The CMPA is also concerned that these adverse decisions are creating investment uncertainty for existing operators as well as for Greenfield quarries that will compromise the ability of the
extractive industry to supply construction materials for critical major projects and future economic growth in Victoria.

Key Findings

Of the 24 VCAT orders, 11 or 46 percent resulted in adverse  outcomes or the quarry operator not proceeding due to the onerous conditions.

This resulted in significant duplication of the work plan in the Victorian Civil and Administrative Tribunal (VCAT) planning permit conditions and duplication of enforcement by Earth Resources
Regulation (ERR) and responsible authorities.

From 2009 to 2013, 13 cases or 87% were granted permits and in 2 cases, permits were refused. From 2014 to 2017, 4 cases or 44% were approved and in 5 cases, permits were refused. Accordingly, the proportion of VCAT cases that have been refused a permit has increased over the past four years. Of the 4 cases approved only 2 proceeded to operation.

The issues in most VCAT cases appear to have been over-stated and unsubstantiated by the responsible authorities and objectors.
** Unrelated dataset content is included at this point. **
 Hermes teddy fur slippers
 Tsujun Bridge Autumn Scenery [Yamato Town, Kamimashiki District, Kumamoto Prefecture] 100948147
Earth Resources Regulation (ERR) does not represent and defend their endorsement of a quarry operator’s work plan at VCAT. ERR should attend VCAT hearings and be accountable for their endorsement of the work plan.

The extractive industry has demonstrated over time across a broad range of sites that it can meet the Environment Protection Authority (EPA) Noise and Air Quality State Environment Protection
Policies (SEPP). Government should consider excluding noise and dust impacts where the nearest dwelling is outside the recommended buffers so that a responsible authority could not refuse a permit or a resident object and appeal to VCAT.
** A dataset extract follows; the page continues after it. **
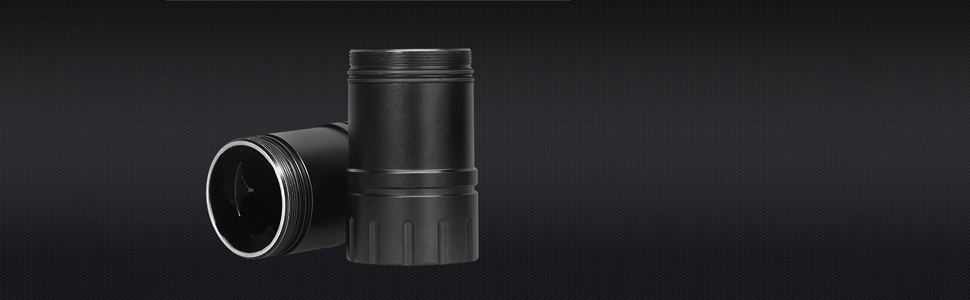 le nouveau cylindre noir sur fond noir
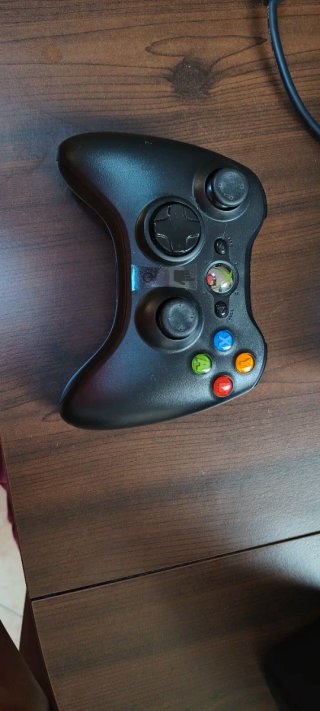 Xbox 360 4GB + Kinect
In view of the inconsistent approach taken by VCAT in respect to planning permit conditions, there would appear to be a role for Department of Environment Land Water and Planning (DELWP)
and Department of Economic Development, Jobs Transport and Resources (DEDJTR) to review the ERR’s list of standard conditions in consultation with the extractive industry. This would provide guidance to responsible authorities and VCAT and ensure a consistent approach is applied to the extractive industry.
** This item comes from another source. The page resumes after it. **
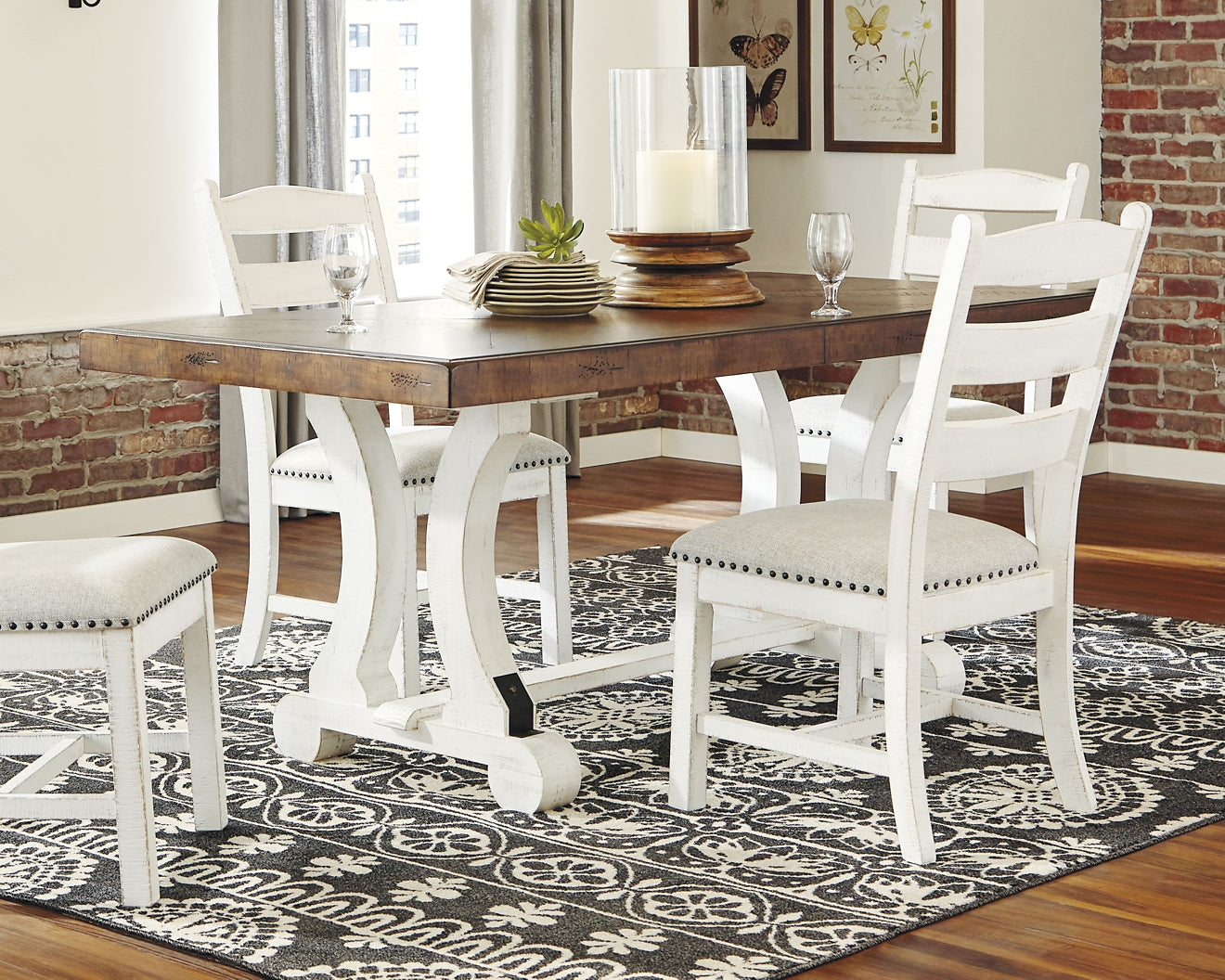 Valebeck Table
Reforms to the Planning and Environment Act 1987 (PE Act) and the Victorian Planning Provisions (VPP) that remove the right to object in cases where the quarry is compliant with the EPA
recommended noise and air quality buffers and an agreed set of standard conditions would eliminate the millions of dollars spent by the extractive industry at VCAT as well as landholding
costs and missed commercial opportunities incurred during the process that invariably takes about three years (these costs will be detailed in a further review).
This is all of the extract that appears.